1999 novel by Edward Bloor

Crusader is a novel by Edward Bloor which was published on October 15, 1999. This novel was Bloor's follow-up to the award-winning Tangerine.

==Plot==
The central character in Crusader is 15-year-old Roberta Ritter, who lives in south Florida with her widowed father. Roberta is an aspiring journalist but works after school and on the weekends at Arcane, the virtual-reality arcade run by her father and uncle.

Roberta is apathetic towards many facets of her life. Her father acknowledges her presence, instead spending much of his free time with his girlfriend, Suzie. Roberta doesn't approve of the games offered in Arcane, which are all filled with over-the-top violence and covert racism, nor does she like having to deal with the arcade's often unsavory clientele. Roberta deals with coming-of-age problems, criticized by her cousin's popular friend Nina for her disinterest in make-up and never having menstruated. She also is forced to come to terms with finding many of the people around her to be motivated by self-interest and the deaths of both an elderly friend, Mrs. Weiss, and her mother.

Roberta takes it upon herself, with the occasional help of some friends and her high school journalism teacher, to investigate a series of incidents at the mall where Arcane is located. These incidents range from hate crimes perpetrated against vendors to rumors that the mall developers are planning to have the mall burned down in an insurance scam. She also begins to dig into the facts surrounding her mother's murder.

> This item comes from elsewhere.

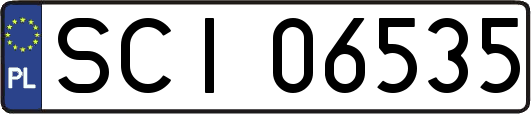 SCI06535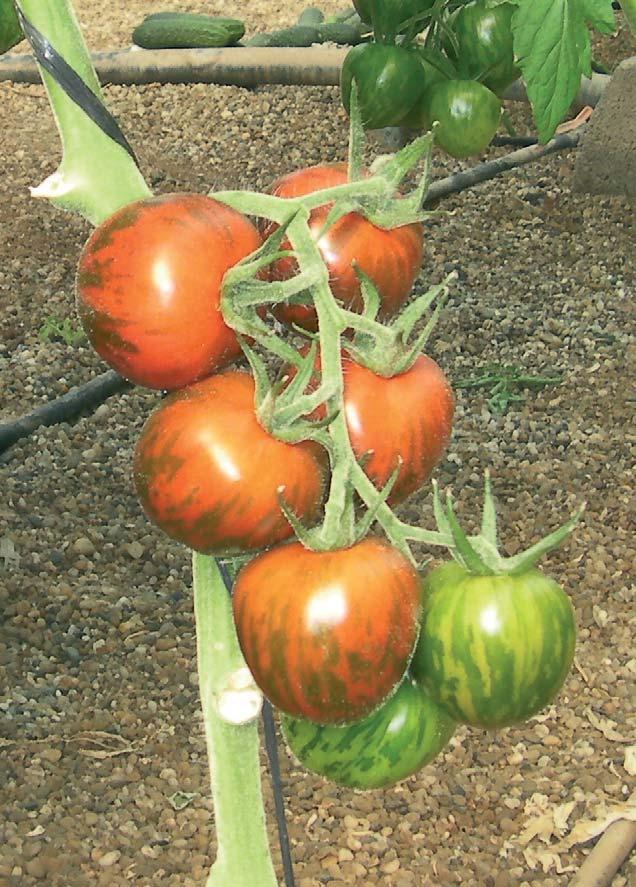 Tomatoes Tomatoes Specialities Tigris Fruit shape: Cherry with stripes Indeterminate cherry tomato for growing in greenhouses or in net-houses.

Roberta likes the idea of muckraking as a way of unveiling hidden injustice, but also becomes disillusioned with both her teacher and the local news station after witnessing the inability to pursue real journalism.

Roberta discovers that on the day that her mother died, her father owed drug money to a local dealer. The dealer hired a street kid to come to their family arcade while only Roberta's mother was working to steal what her father owed. The street kid stabbed Roberta's mother and fled the scene. After discovering her father is responsible for the death of her mother, Roberta separates herself from him and moves on.